Viruses are important elements of marine pelagic ecosystems. They actively participate in marine microbial communities through infections of bacteria and archaea and phytoplankton. The principal effect of viral infection of phytoplankton is the so-called 'viral shunt', whereby the particulate organic matter in the form of living cells as well as cell debris is transformed into the dissolved form, providing a substrate for heterotrophic prokaryotes. This has profound effects on the biological carbon pump (BCP) that are not straightforward, however. By returning organic matter that has accumulated in primary producers back to its dissolved form it cuts the transport of carbon through the trophic chain, while simultaneously enabling further phytoplankton growth in the photic zone.

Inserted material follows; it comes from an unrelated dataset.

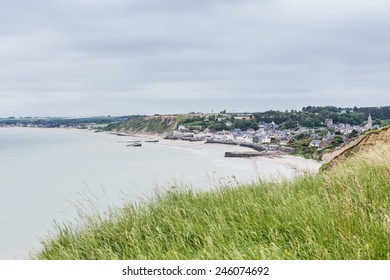 Arromanches And Gold Beach In Normandy, France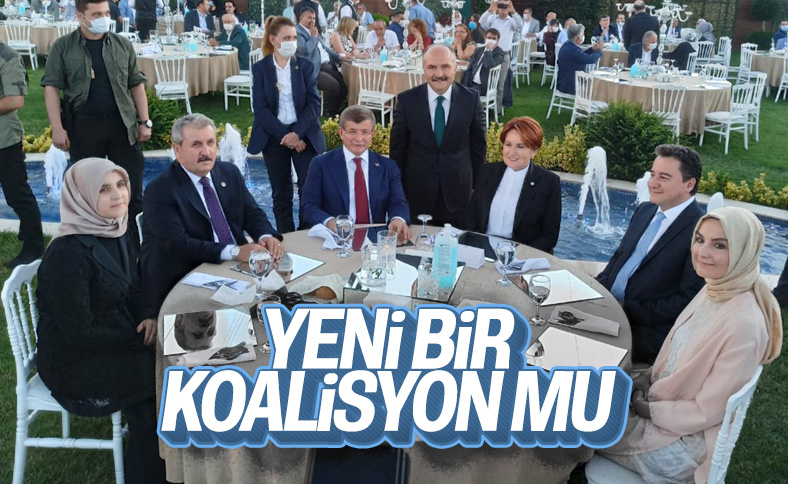 Davutoğlu, Babacan, Akşener ve Destici düğünde buluştu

The majority of studied marine viruses are prokaryotic. Viruses infecting eukaryotic phytoplankton are far less known, and diatom viruses, one of the most abundant and diverse phytoplankton groups, were first described only in 2004. To date, roughly 20 different diatom viruses infecting 7 different genera have been described and characterized. They are all small, around 30nm big, and host either ssRNA or ssDNA genomes. The impact of viral infection on diatom populations can be substantial and can match that of zooplankton grazing in terms of biomass loss. However, the lack of data and research prevents the integration of viral lysis into phytoplankton community structure and function studies and the subsequent generation of robust carbon and production models. There is thus an urgent need to expand the known universe of diatom viruses, particularly for keystone taxa. Diatoms from the Pseudo-nitzschia genus are globally spread, bloom-forming, and can cause disturbances in food safety and ecosystem health due to the production of the neurotoxin domoic acid. Viruses infecting these diatoms have been so far hypothesized from cross-infection studies with mixed viral communities isolated from natural samples and from a preliminary investigation conducted by me where a strong indication of viral presence was recorded by transmission electron microscopy (TEM) in a culture of Pseudo-nitzschia calliantha."